In his post, Gelman praises the cleanliness of the graph, and I think that's fair--it's pretty. However, it's not obviously a great data visualization, since neither the color nor the type of the lines used convey any information beyond making the graph readable, which seems a waste (couldn't the colors had been chosen based on time-to-80% adoption or something?).
Like others, however, I find this a useful spur to thinking. In my case, looking at the S-shaped curves of adoption for most (but not all!) technologies, I thought of diffusion theorizing. In this case, what seems to be driving differential adoption rates is first the fact that relative prices for all of these innovations have fallen really far as per-capita GDP has risen and prices for manufactured goods have fallen. (Consider the "computer" in this context, which has surely changed the most of all of the innovations over time.)
Second, what is most obvious (to me, anyway) is the profound labor-price elasticity here.
Third, general economic conditions play a huge role in distorting what seem to be, essentially, two waves of product innovation. Had there been no Great Depression, then a lot of things would have reached their post-1945 peak a lot faster, and the period 1915-1945 would look a lot more like the period 1970-2000. In this case, though, the telephone stands out as a real puzzle: why did it take such a useful gadget so long to diffuse? It must have been much more expensive in relative terms circa 1925-1930; look at the profound elasticity it displays at 1929, which is almost as pronounced as that for the automobile.

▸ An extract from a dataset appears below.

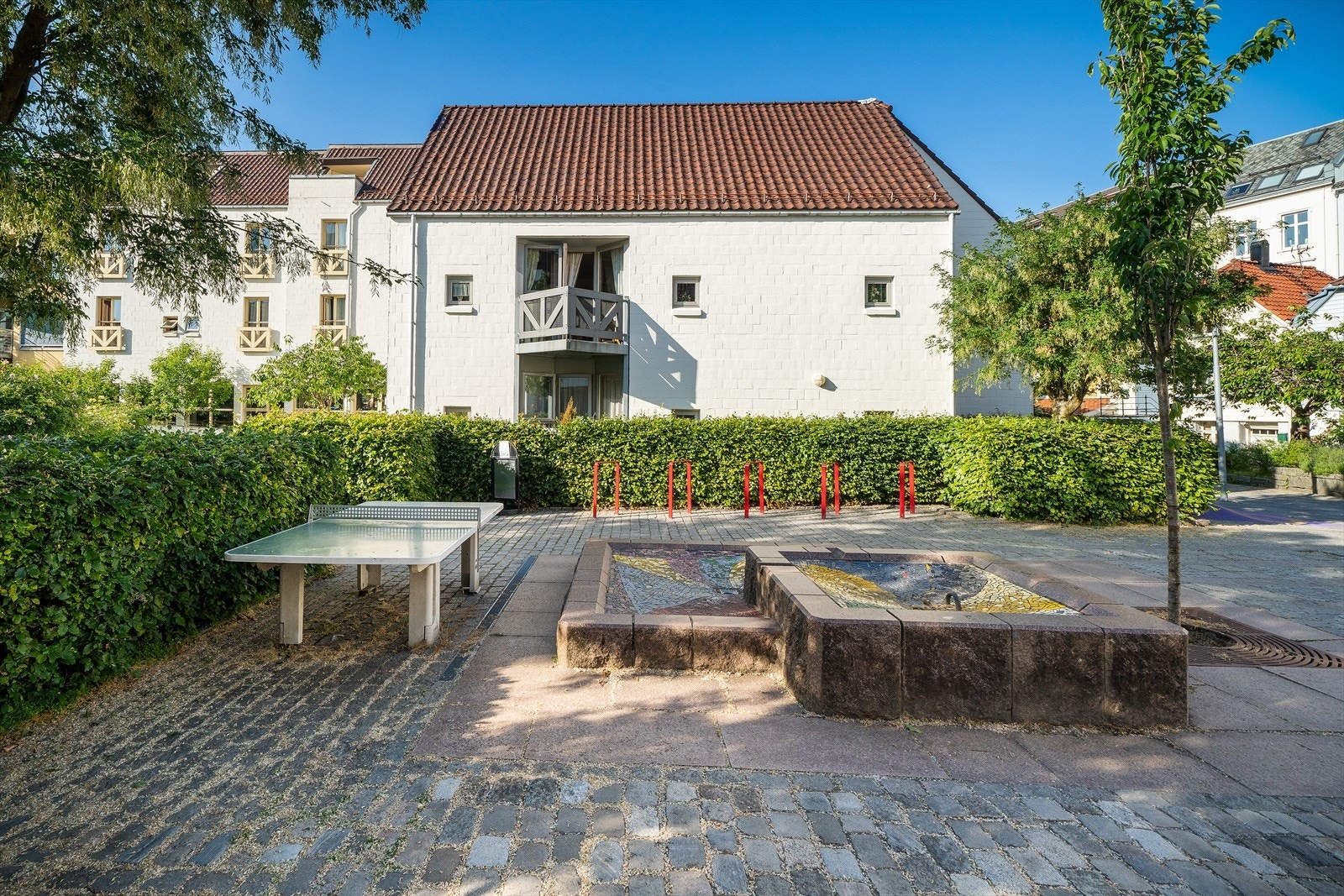 - Nærområdet byr på flere lekeplasser, fotballbaner, sittegrupper mm. - Galleribilde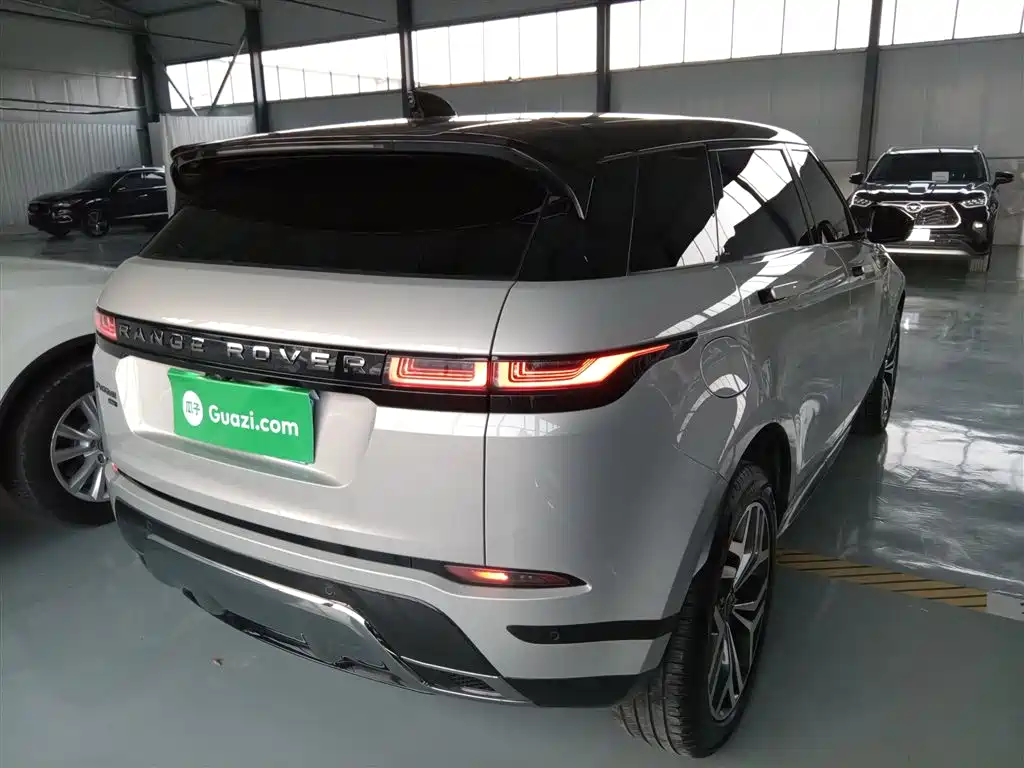 Land Rover Range Rover Evoque 2021 Range Rover Evoque L 249PS R-Dynamic S Performance Edition фото 5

Fourth, the presentist bias in this chart is extreme in two ways. First, we forget things that we don't count as "technology" anymore (e.g., toilets, coal furnaces, sewing machines), and so they are left off. Second, we don't know what innovations are at low levels of adoption right now--imagine someone in 1960 trying to predict the adoption arc for personal computers!--and so our current rates of adoption are vastly overestimated compared to what the same chart will look like in 50 years.